Non solo. Ma il restauro ha permesso di rimuovere le ridipinture ottocentesche che nascondevano le nudità dei putti affrescati sulle pareti, oltre a risistemare il putto di marmo dell’altare maggiore, che a sinistra sostiene il quadro dell’Immacolata, del quale era stato scalpellato il sesso, coperto poi con un rudimentale panneggio in stucco. Così ripulita, la cappella, fatta costruire dal cavaliere portoghese Roderigo De Sylva negli anni 1662-63, diventa il tipico esempio del “bel composto” berniniano, frutto della fusione di affreschi, sculture, stucchi e marmi con il quale il genio del Barocco riesce a trasformare un piccolo spazio sepolcrale in uno scrigno prezioso e sontuoso.

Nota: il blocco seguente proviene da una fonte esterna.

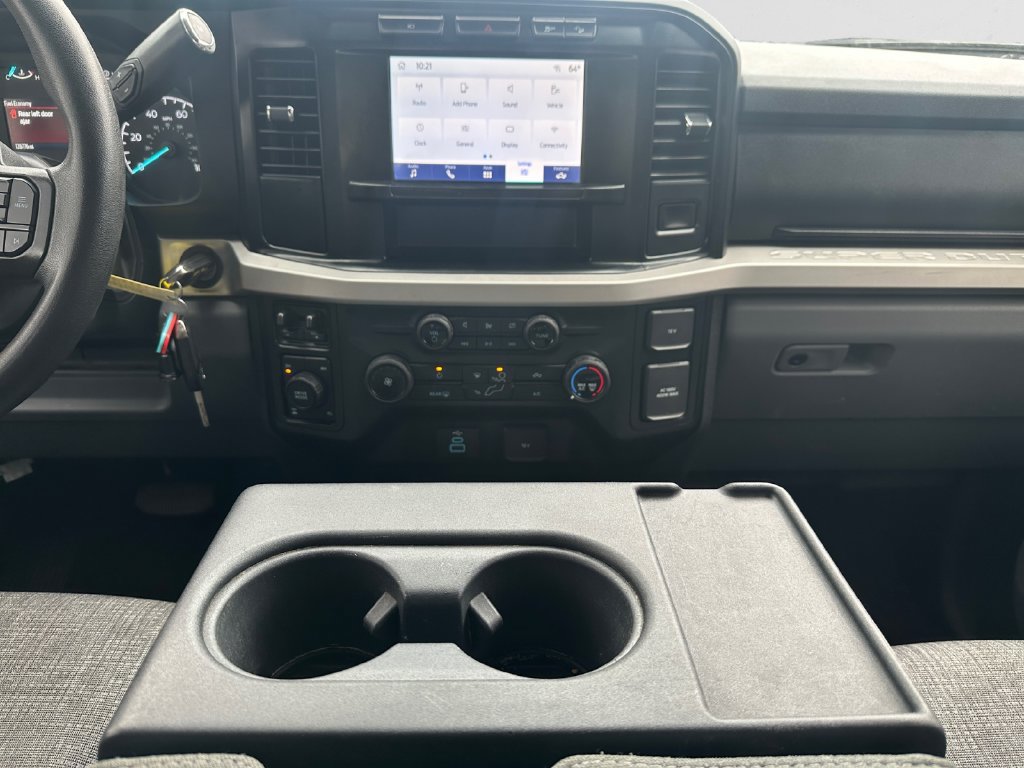 Used 2023 Ford F250 XLT w/ 360-Degree Camera Package AWD/4WD image 13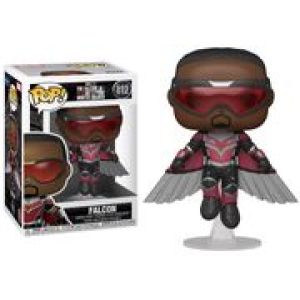 Marvel The Falcon and The Winter Soldier Falcon Flying Funko Pop! Vinyl Figure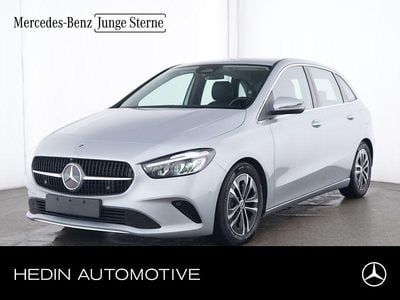 Gebraucht Mercedes B200 Progressive 150 PS (110 kW) 2025 Silber Van / Kleinbus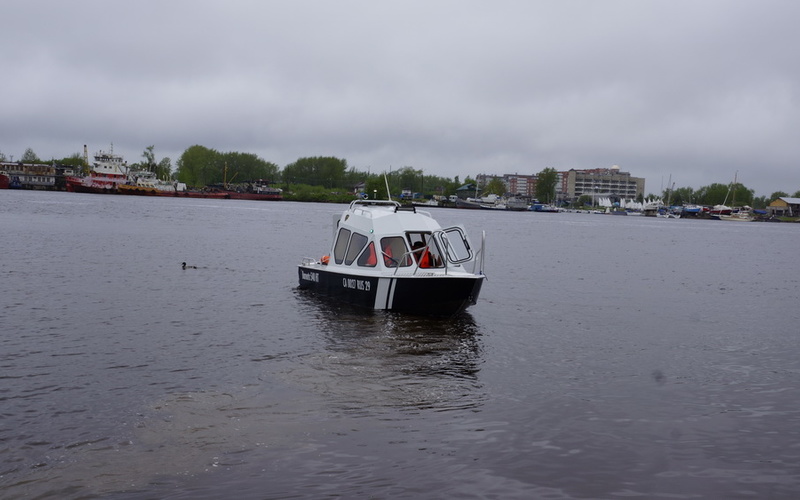 Barents Boats 540 НТ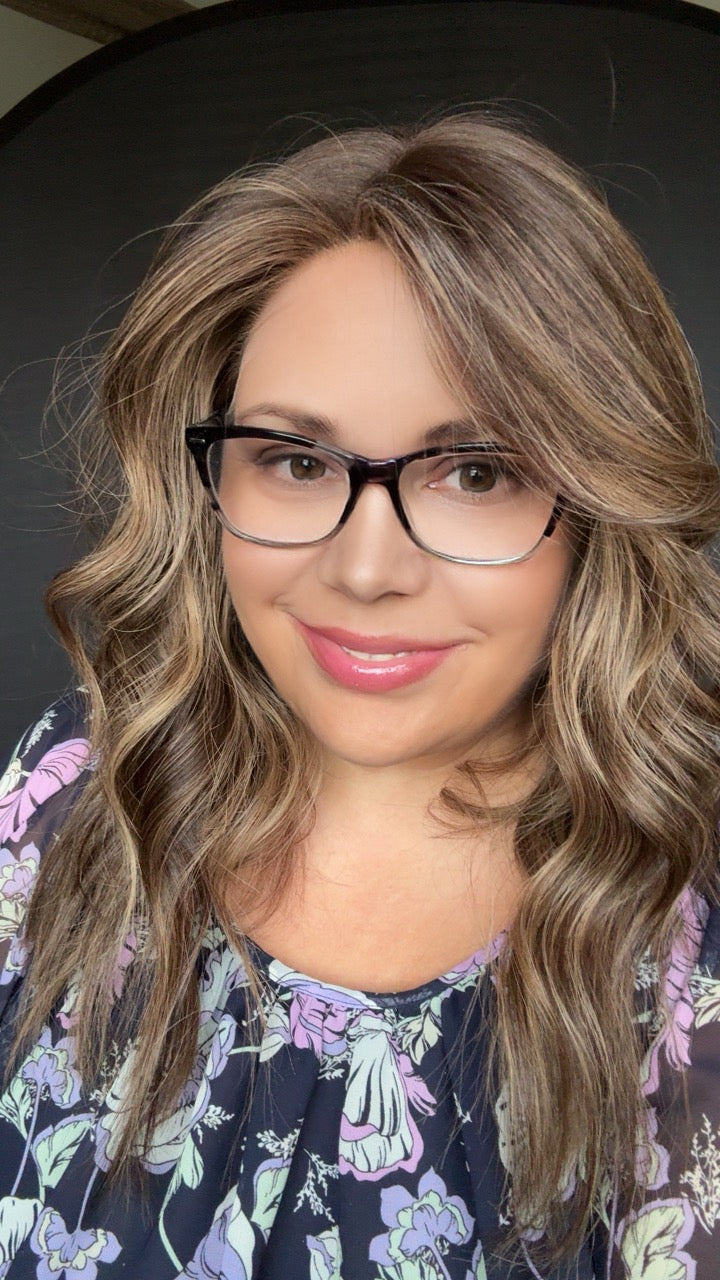 Michah Medium Lace Top Wig-The Fine Collection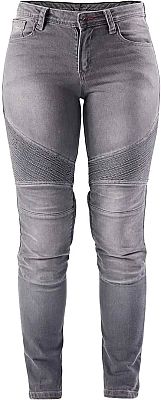 Furygan Purdey Evo Slim, Jeans Damen - Grau - W26/L32 von Furygan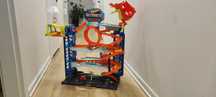 Hot wheels Atak smoka HKX48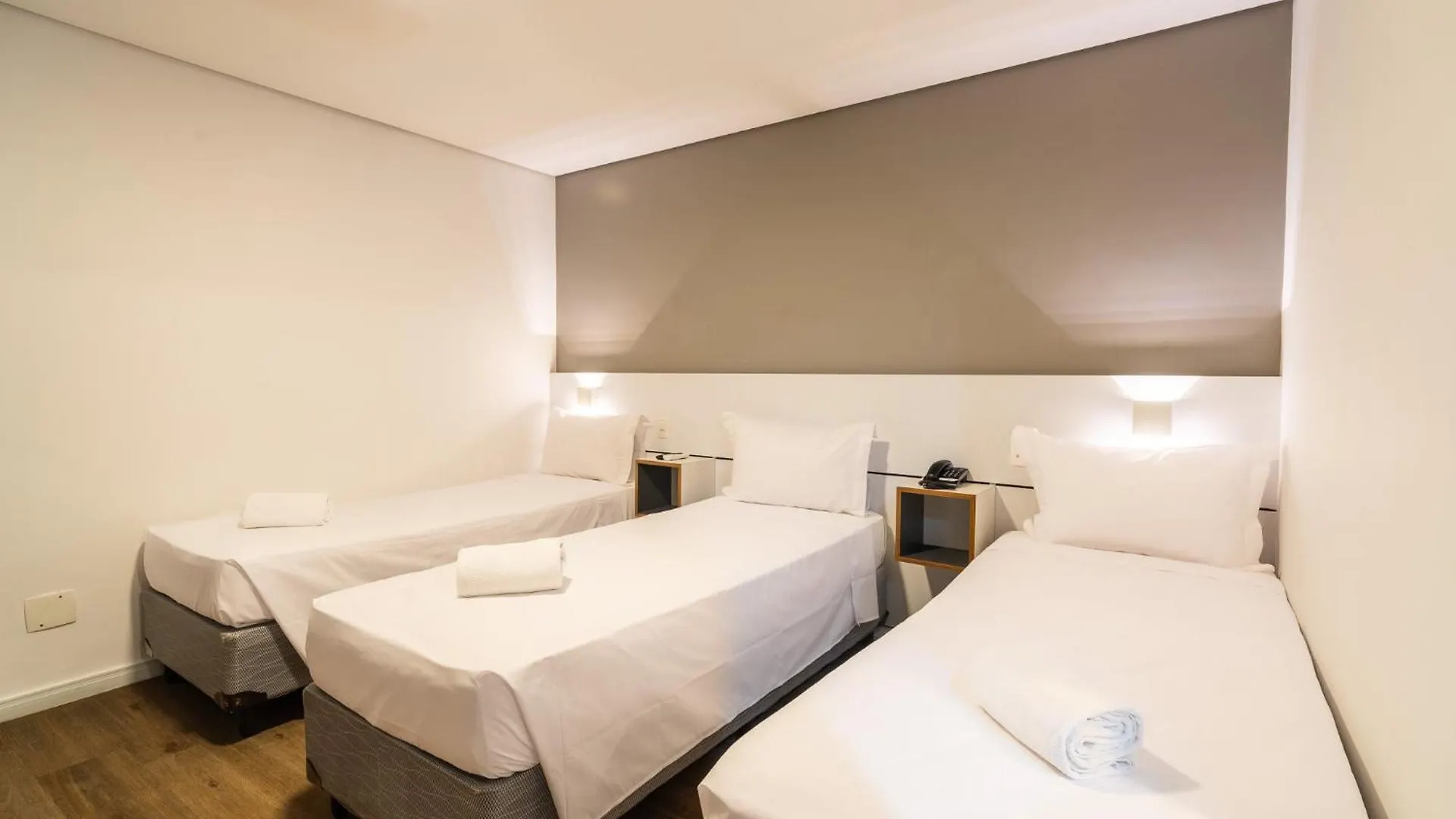Uniclass Hotel Lapa Sao Paulo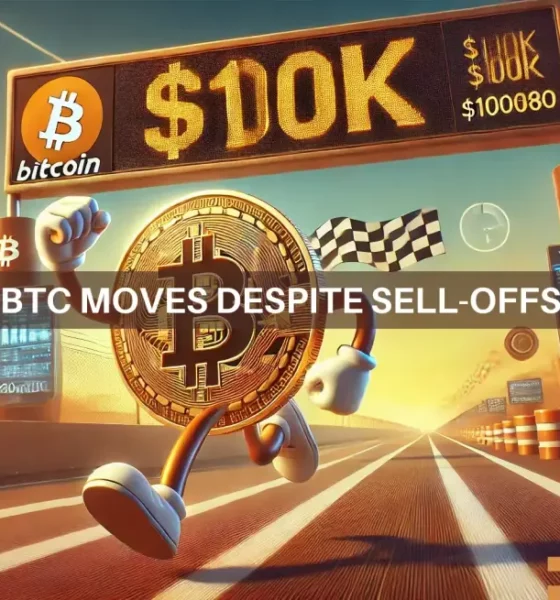 Bitcoin nears $100k: Can ETF demand counter sell-offs?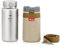 KEITH TITANIUM Ti3036 Plastikfreie Flasche mit auslaufsicherer, schneller und sicherer Bajonettkappenhalterung, 1200 ml ●●●●●●●● Keith's 18. Jahrestag: Exklusiver Preis!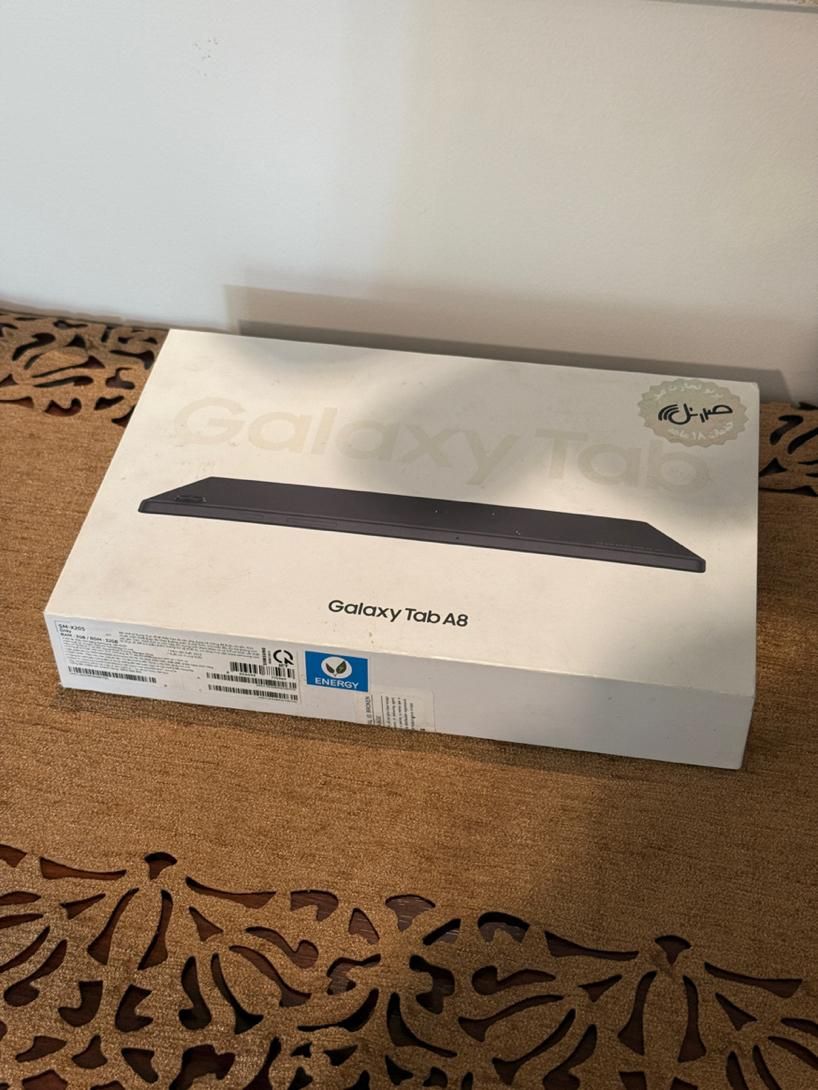 تبلت سامسونگ galaxy tab A8|تبلت|تهران, شهادت|دیوار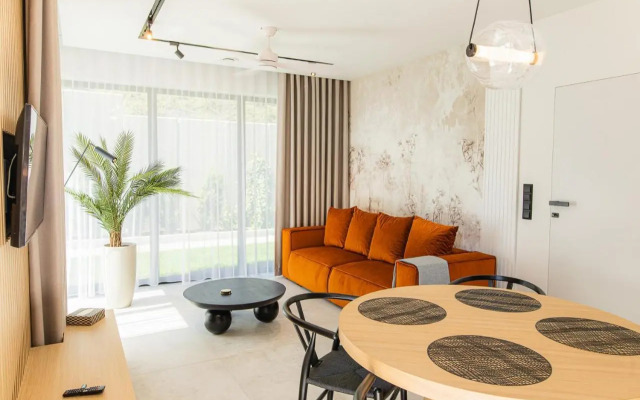 Apartamenty Złote Tarasy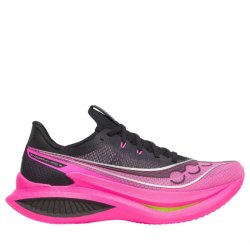 Saucony Endorphin Pro 5 M - čierna/ružová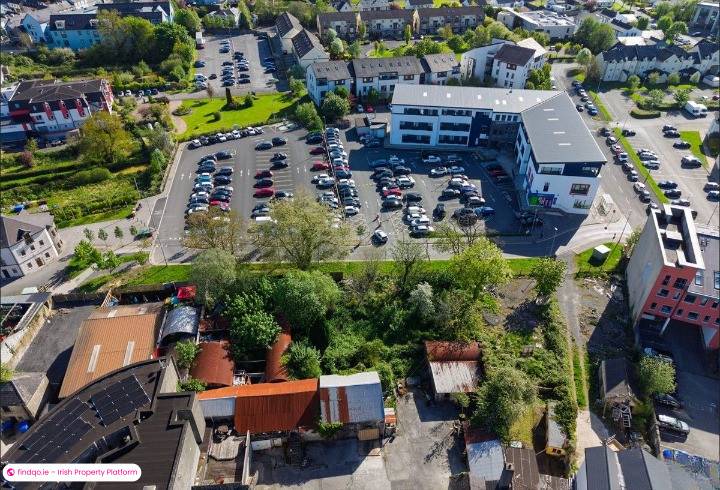 Site for Sale in Carrick-on-Shannon, Leitrim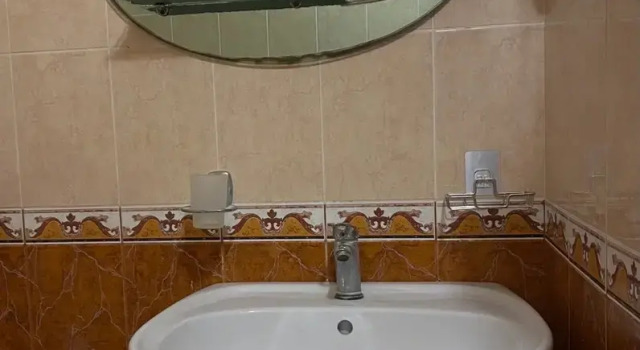 Двухместный номер Standard с балконом и с красивым видом из окна Дива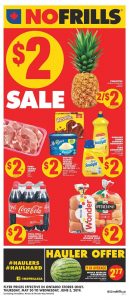 No Frills Flyer Big Sale 1 Jun 2019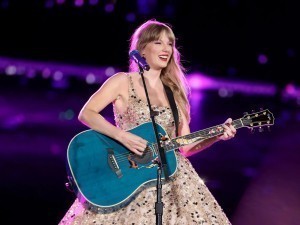 Teylor Sviftning konserti zilzilaga sabab bo‘ldi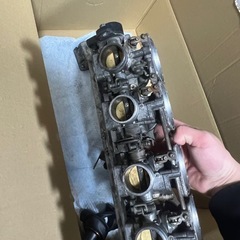 xjr400キャブレター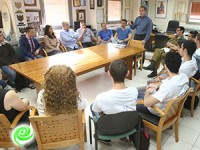 ממוצע הבגרות ללא החרדים... 92%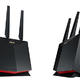 华硕发布RT-AX86U 5700Mbps Wi-Fi 6路由器 ，更高性价比防守小米华为，5月13日首发仅需1499元 
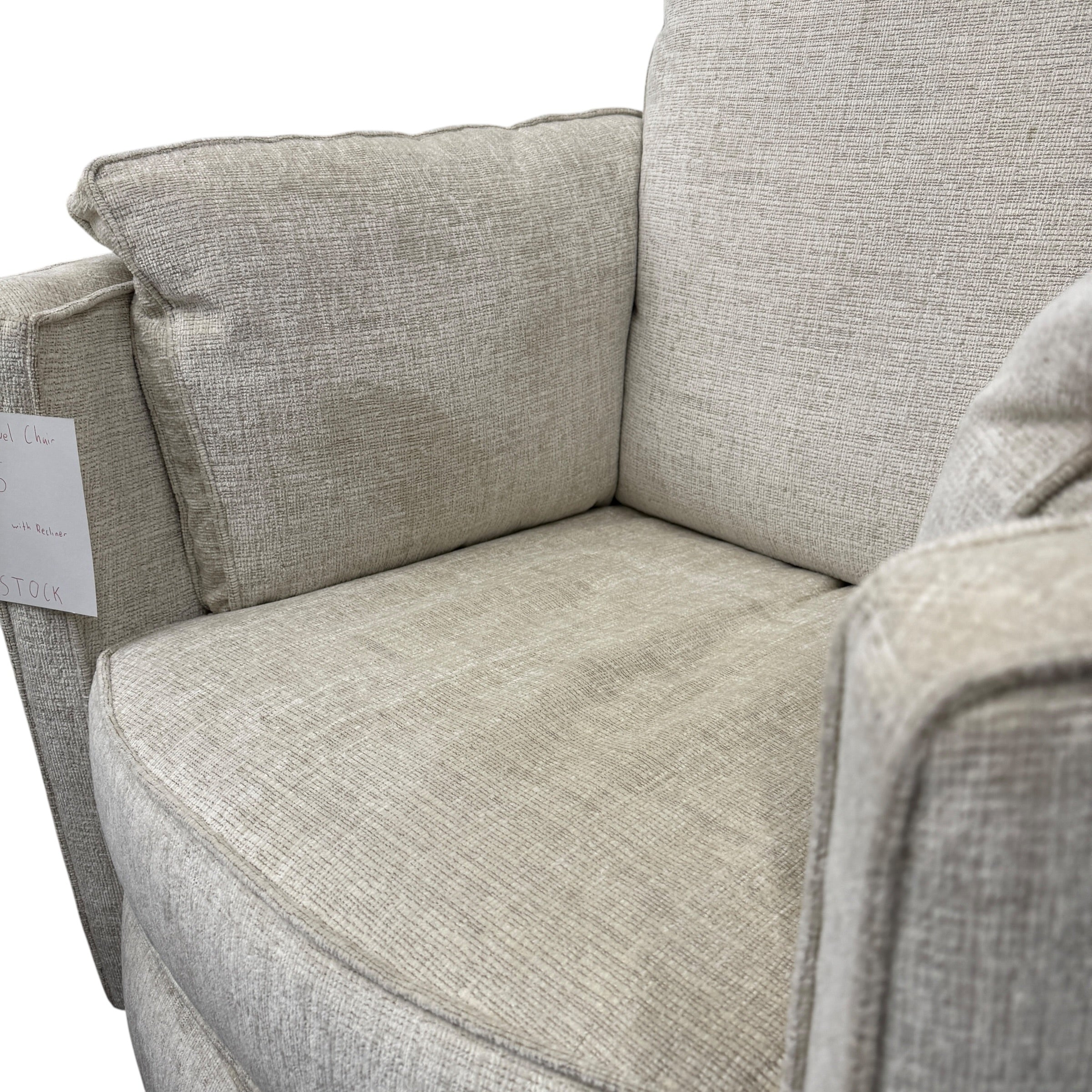 SL Swivel Reclining Chair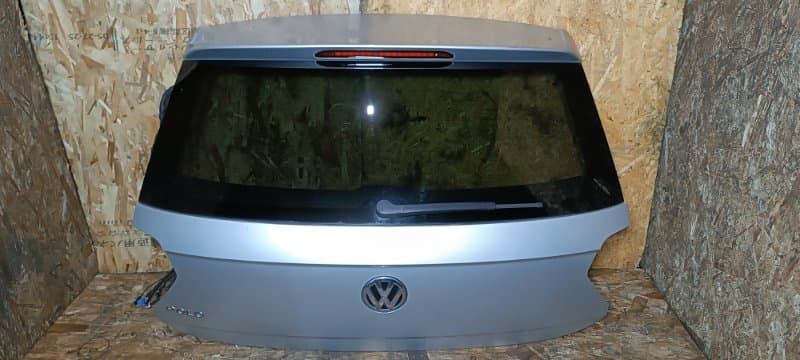 Крышка багажника Volkswagen Polo AW1 CHZ 2020 (б/у)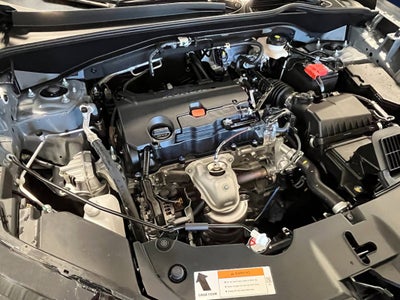 2026 Honda HR-V EX-L AWD CVT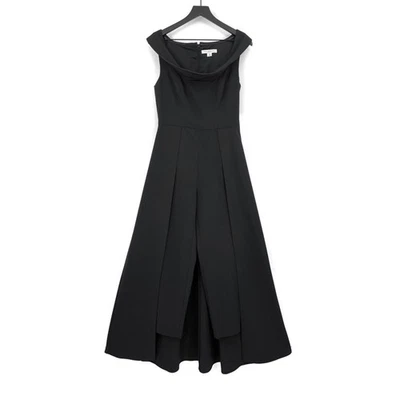 NUEVO CON ETIQUETAS KAY UNGER Anais Mono con Entrenamiento Negro 6 Foto 1 de 4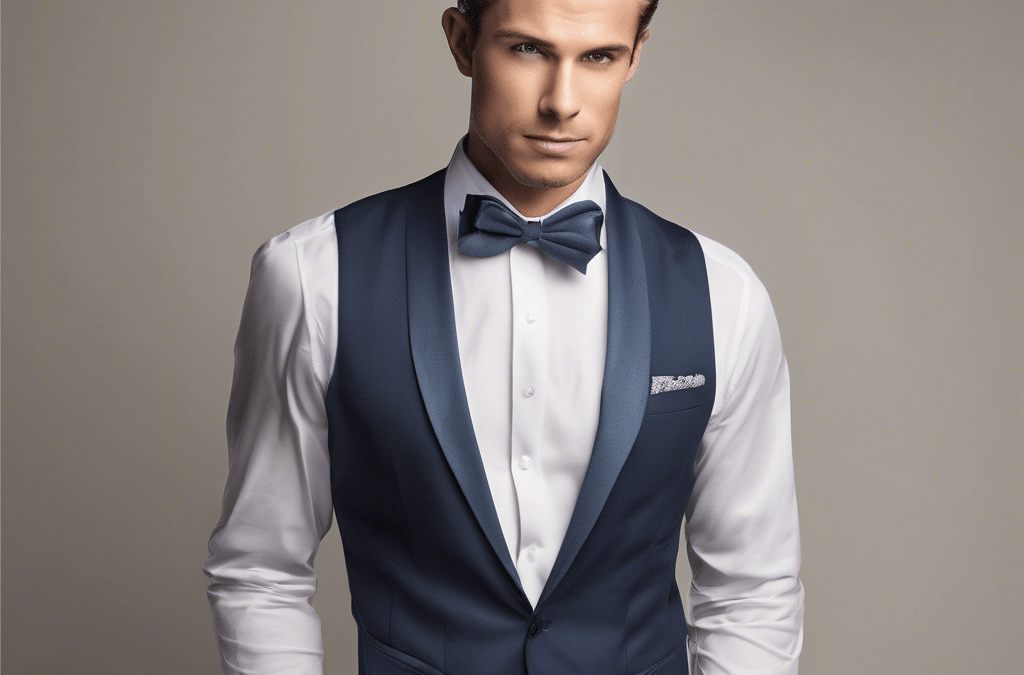Guía Completa de Estilo Formal: Qué Usar en Eventos de Gala o Negocios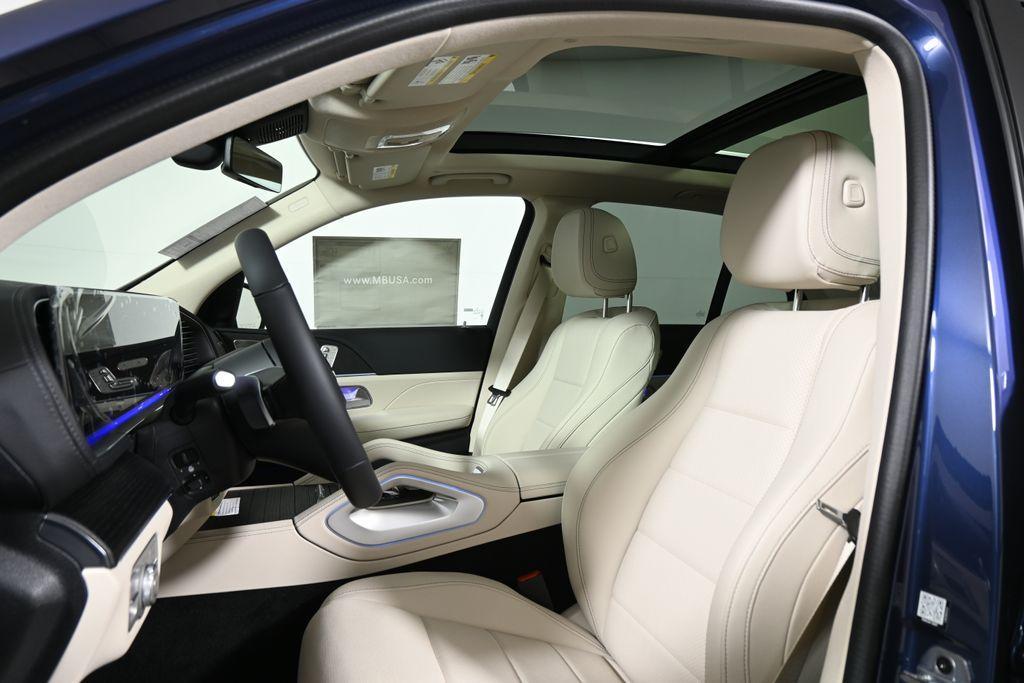 new 2026 Mercedes-Benz GLE 450 car, priced at $82,580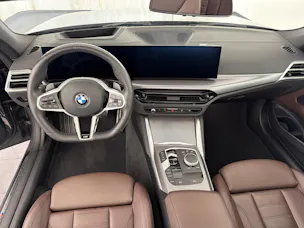 BMW 420i Cabrio M Sport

In realtà, la Cappella De Sylva vanta uno strano destino. Anche se il nome del Bernini, come suo autore, appare in una delle iscrizioni, ed esistono a Lipsia i disegni preparatori del maestro, è stata sempre classificata come “opera di bottega”, perché, di fatto, gli interventi vennero eseguiti dai suoi collaboratori. Le Virtù marmoree sulle pareti furono scolpite dai fedeli collaboratori Giulio Cartari (Carità e Verità) e da Pietro Paolo Naldini (Pace e Giustizia), mentre gli affreschi sono firmati da Giacinto Gimignani, allievo di Pietro da Cortona, e la pala dell’Immacolata è stata eseguita da Carlo Maratta.
Le visite, ad ingresso libero, sono solo su prenotazione.